KUWAIT: HH the Amir Sheikh Nawaf Al-Ahmad Al-Jaber Al-Sabah waves as he arrives with HH the Crown Prince Sheikh Mishal Al-Ahmad Al-Jaber Al-Sabah (right) and Speaker Marzouq Al-Ghanem (left) to attend the opening of the National Assembly yesterday. – Photo by Yasser Al-Zayyat

By B Izzak

KUWAIT: The National Assembly yesterday unanimously approved a law that requires the government to take measures to reduce the number of expats not needed in the country, in a bid to rebalance the demographic structure where expats form an overwhelming 70 percent of the population. The law was passed in the second and final reading after introducing a number of key amendments, mainly abolishing the quota system for expat nationalities living in the country after the government objected to the system.

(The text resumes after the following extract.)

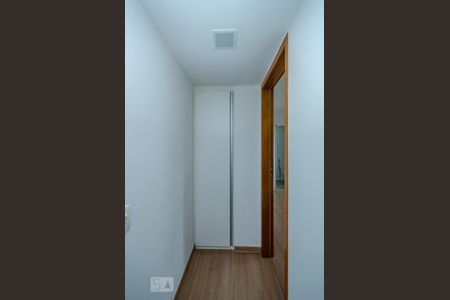 Apartamento à venda com 90m², 3 quartos e 3 vagasCorredor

Moreover, the law gives more powers to the government to tackle the severe imbalance in the demographic structure after MPs attempted to issue a strong law mandating the government to take harsher measures. The law was passed in a special supplementary term which lasted for just a day. During the session, a number of laws and issues were discussed, but MPs blocked the discussion of a bill seeking to reform the election law.

HH the Amir Sheikh Nawaf Al-Ahmad Al-Jaber Al-Sabah opened the shortened term by calling for national unity, which he said has proven to be the most powerful weapon to confront challenges facing the nation. The Amir also reaffirmed faith in Kuwait’s democratic system and urged voters to elect the best candidates ahead of parliamentary elections set for Dec 5. Addressing the session, Speaker Marzouq Al-Ghanem called for the need to resolve pressing issues like the budget deficit and the decades-old problem of stateless people or bedoons.

HH the Prime Minister Sheikh Sabah Al-Khaled Al-Sabah, also addressing the supplementary legislative session, called for greater efforts to “diversify revenue sources and rationalize spending and consumption … without detriment to citizens”. He said the government was seeking more sustainable tools to finance the budget. The premier said Kuwait will continue mediation efforts to end a Gulf dispute that has seen Saudi Arabia and its allies boycott Qatar since mid-2017. He reiterated Kuwait’s support for Palestinians’ rights.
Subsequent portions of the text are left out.